The review is not kind. In fact, I would say that it is one of the most negative reviews of a product from a major company that I have ever read on Engadget. That's big. Because remember, Engadget is part of the old guard of blogs. The only gadget blog that is older, that could really be called a blog, is Gizmodo. Unlike Gizmodo, Engadget, along with the entire collection of Weblog Inc. sites was purchased by AOL in 2005, making Engadget part of an odd mix of old and new tech.
Sadly, Engadget has had less of an effect on AOL than AOL has had on it. In early 2011, Joshua Topolsky and almost the entire lead staff quit the site in protest of AOL's meddling with the website. Long story short, the end result is an Engadget of today that is no different from the print magazines of old--owned by advertisers, publisher of reviews where everything is great, and more interested in headlines that sell copies than headlines that talk about subjects in which the dedicated audience is actually interested.
They are willing to bash products from small companies, but big companies like Canon?
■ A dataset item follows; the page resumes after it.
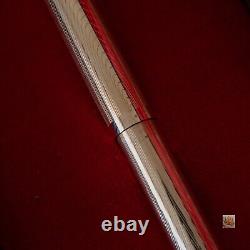 Aurora Ballpoint Pen 18k Solid Gold Pen Solid Gold Jewelry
They practically walk on water. This means that if a product from Canon receives any significant criticism, the product must actually be borderline unusable.
This may sound like paranoia, and perhaps there's a little of it in there, but the state of product-oriented magazines and their decline into wards of advertisers is well-documented and known. And when my own experiences with products diverge so wildly from some reviews that are published, I know that there is something going on.
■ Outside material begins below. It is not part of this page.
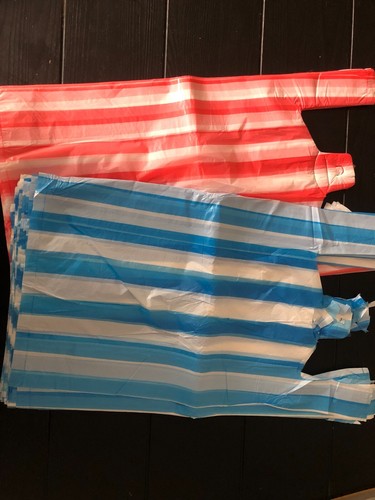 Red white blue - red/white/blue/white, stripes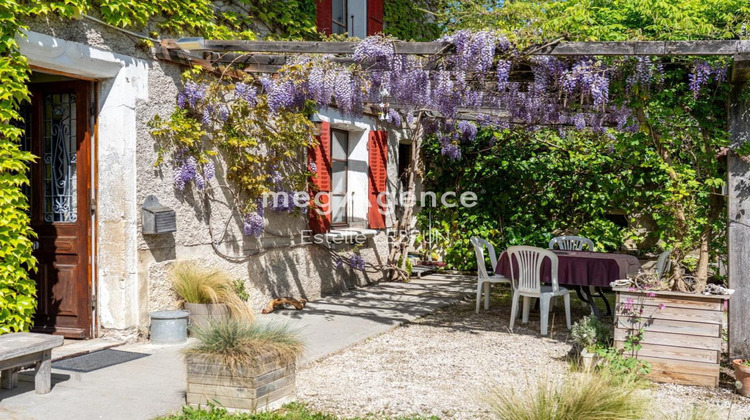 Ma-Cabane - Vente Maison MOYE, 164 m²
But back to the camera. We know that Engadget wants to say nice things. So if they say something negative, it must be very negative. So digest these quotes.
...had the camera offered full DSLR functionality, including an advanced user interface, a $799 sticker might be justified. But the company has crippled its new compact shooter so as to avoid cannibalizing its still-successful full-size APS-C DSLR lineup...
Only the black model, which drops the glossy plastic housing in favor of a matte coat, offers the look and feel of an $800-plus mirrorless compact.
So, does $800 and up deliver direct access to shooting modes, advanced or otherwise? No, it does not. And, well, we can't express our disappointment enough here.
Now, back over to those rather horrid controls.
We were devastated to see that the EOS M's focusing performance falls just shy of that latter grouping -- the cameras that just plain stink at bringing a subject into focus quickly.
It's not the most sluggish focusing we've seen, but it's darn close.
Battery life, meanwhile, is far from stellar.
And this is my favorite quote, because it shows that even Engadget knows that Canon is releasing crap on purpose.
Canon surely could have done better here, but it didn't, and we can't help but think that call was made far up the food chain, amid some decidedly heated engineering debates.
This is a disaster for Canon, because it confirms beyond any doubt that they are a dead company. They are a lumbering zombie, fueled purely by the momentum that it has built up. Mirrorless represents a massive part of the new market, and Canon has just said without any equivocation that they have no interest in competing in it. Hell, the underwhelming 6D, the wildly overpriced 5D, and their ridiculous Cinema series of cameras shows that they are not interested in competing anywhere. They think that they are indestructible, and as such can do whatever they please.
I can scarcely wait to see them get punished for that arrogance.